At the heart of this is a cultural change, deeper than the liberal concept of ‘equal rights’ through which it is expressed, is the emergence of a historical consciousness about gender.’ …
[Following is an overview of] four major dimensions … in gender relations … [reflecting the] current state of play in rich Western countries …
Advantages: Men hold predominant authority in business and the state, with a near-monopoly of top positions. Men and boys tend to control public spaces such as streets and playgrounds. Men hold authority in many families and institutions of civil society. Men have near total control of coercive institutions (military, police) and control of the means of violence (weapons, military training). Men are relatively free from rape and serious domestic violence.

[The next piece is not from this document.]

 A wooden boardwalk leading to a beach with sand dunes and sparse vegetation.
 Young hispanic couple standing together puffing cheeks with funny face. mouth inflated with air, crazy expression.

Disadvantages: Men are the overwhelming majority of people arrested and imprisoned, including those executed. Men are the main targets of military violence and criminal assault. Men are more likely to be the targets of economic competition and organizational rivalry.
(b) Division of Labour
Advantages: Men have approximately twice the average income of women, and control most of the major concentrations of wealth. Men have higher levels of economic participation, and better access to future opportunities, e.g. promotions. Men, especially husbands, receive benefits from the unpaid labour of women. Men control most of the machinery (e.g. transport, power generation, computers) that is the basis of a modern economy and specifically multiplies the economic value of labour.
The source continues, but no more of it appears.